Gerechtshof Den Haag, 31-05-2016, ECLI:NL:GHDHA:2016:1596, BK-15/00830
Gerechtshof Den Haag, 31-05-2016, ECLI:NL:GHDHA:2016:1596, BK-15/00830
Gegevens
- Instantie
- Gerechtshof Den Haag
- Datum uitspraak
- 31 mei 2016
- Datum publicatie
- 8 juni 2016
- ECLI
- ECLI:NL:GHDHA:2016:1596
- Zaaknummer
- BK-15/00830
Inhoudsindicatie
In hoger beroep is primair in geschil of belanghebbende recht heeft op vergoeding van proceskosten en subsidiair de hoogte van de proceskostenvergoeding, als bedoeld in artikel 8:75 van de Algemene wet Meer in bijzonder is in geschil: of sprake is van door een derde beroepsmatig verleende rechtsbijstand; of [B] gerechtigd was op te treden als gemachtigde van belanghebbende ingeval hij zijn aandelen in [A] heeft vervreemd; of de gemaakte kosten voor het inschakelen van een gemachtigde op belanghebbende 'drukken'; of is voldaan aan de dubbele redelijkheidstoets zowel met betrekking tot het inschakelen van een gemachtigde als het inschakelen van een taxateur; of het begrip samenhangende zaken mede dient te omvatten zaken waarin de bezwaarschriften nagenoeg gelijktijdig zijn ingediend en die door de Heffingsambtenaar nagenoeg gelijktijdig zijn afgedaan terwijl de behandelingen ter zitting van het desbetreffende gerecht niet nagenoeg gelijktijdig hebben plaatsgehad.
Uitspraak
GERECHTSHOF DEN HAAG
Team Belastingrecht
meervoudige kamer
nummer BK-15/00830
Uitspraak d.d. 31 mei 2016
in het geding tussen:
[X] , wonende te [Z] , belanghebbende,
en
de directeur Gemeentebelastingen Rotterdam, de Heffingsambtenaar,
op het hoger beroep van de Heffingsambtenaar tegen de uitspraak van de rechtbank Rotterdam (hierna: de Rechtbank) van 8 juli 2015, nummer ROT 14/1182, betreffende na te vermelden beschikking en aanslag.

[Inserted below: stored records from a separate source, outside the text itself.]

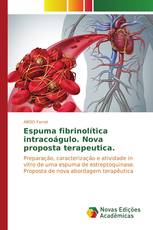 Espuma fibrinolítica intracoágulo. Nova proposta terapeutica.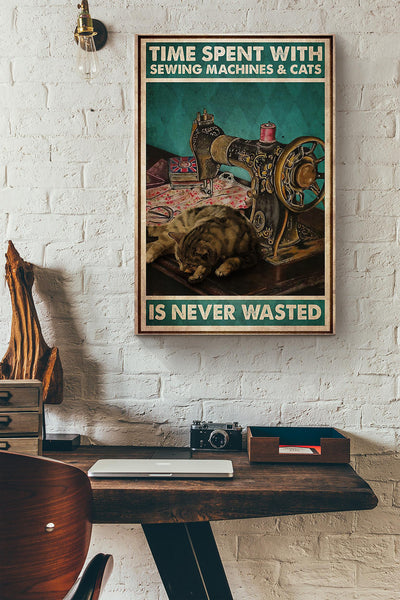 Time Spent With Sewing Machine And Cats Is Never Wasted Canvas Ideas, Canvas Hanging Prints,  Gift Idea Framed Prints, Canvas
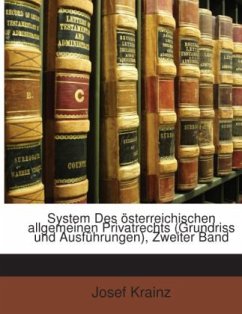 System Des österreichischen allgemeinen Privatrechts (Grundriss und Ausführungen), Zweiter Band - Krainz, Josef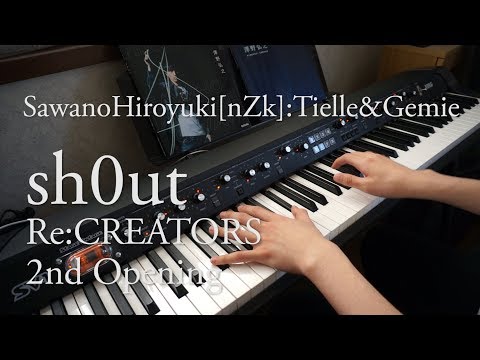 【Re:CREATORS】『sh0ut』 - SawanoHiroyuki[nZk]:Tielle&Gemie ピアノで弾いてみた + オケ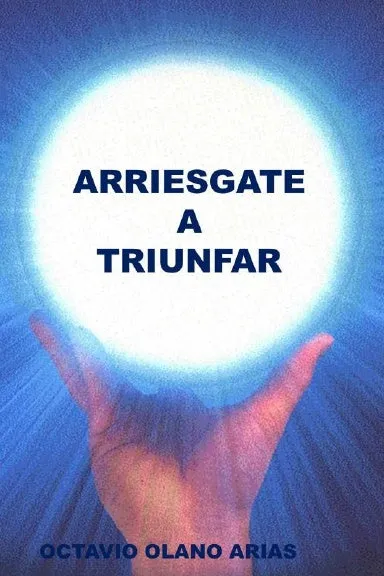 "ARRIESGATE A TRIUNFAR"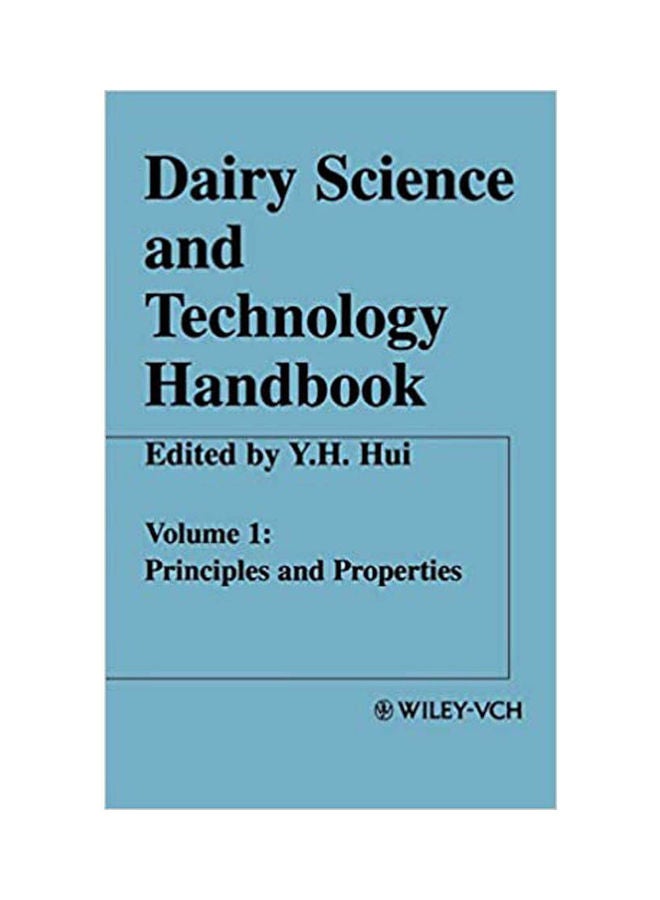 Dairy Science And Technology Handbook  Principles And Properties Paperback English by Hui Y.H - 2014 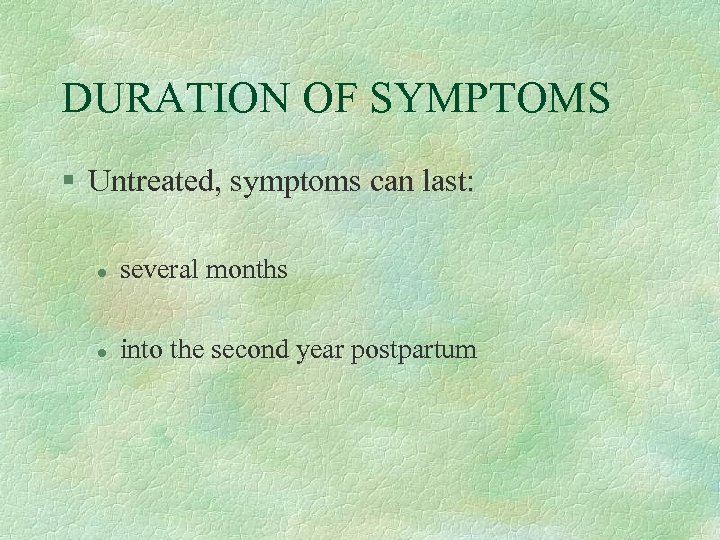 DURATION OF SYMPTOMS § Untreated, symptoms can last: l several months l into the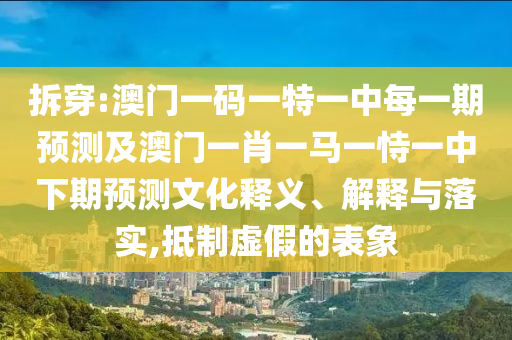 拆穿:澳門一碼一特一中每一期預測及澳門一肖一馬一恃一中下期預測文化釋義、解釋與落實,抵制虛假的表象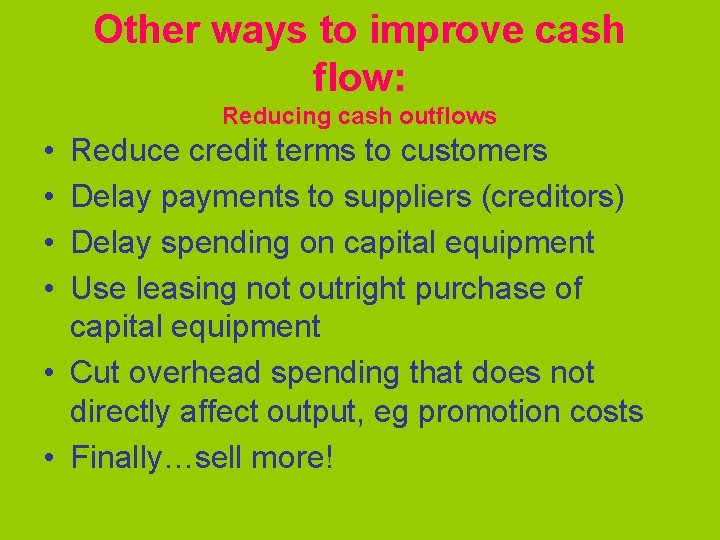Other ways to improve cash flow: Reducing cash outflows • • Reduce credit terms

Beschikking, aanslag, bezwaar en geding in eerste aanleg
De Heffingsambtenaar heeft bij beschikking op grond van artikel 22 van de Wet waardering onroerende zaken (hierna: de Wet WOZ) de waarde op 1 januari 2012 van de onroerende zaak, plaatselijk bekend als [Y] te [Z] (hierna: de woning), voor het kalenderjaar 2013 vastgesteld op € 331.000 (hierna: de beschikking). Met de beschikking is in één geschrift bekendgemaakt en verenigd de aan belanghebbende voor het jaar 2013 opgelegde aanslag in de onroerendezaakbelastingen van de gemeente Rotterdam (hierna: de aanslag).
De Heffingsambtenaar heeft het daartegen gemaakte bezwaar ongegrond verklaard.
Belanghebbendes gemachtigde, [A] B.V. (hierna: [A] ) heeft tegen de uitspraak op bezwaar beroep ingesteld bij de Rechtbank. Er is een griffierecht geheven van € 44. De Rechtbank heeft het beroep gegrond verklaard, heeft de WOZ-waarde van de woning vastgesteld op € 265.000, heeft bepaald dat de aanslag onroerendezaakbelastingen dienovereenkomstig wordt verlaagd, heeft het verzoek om vergoeding wegens immateriële schade afgewezen, heeft bepaald dat de Heffingsambtenaar het betaalde griffierecht van € 44 vergoedt en heeft de Heffingsambtenaar veroordeeld in de proceskosten van belanghebbende tot een bedrag van € 490 (beroepsmatige rechtsbijstand) alsmede € 181,50 (kosten taxateur) te betalen aan belanghebbende.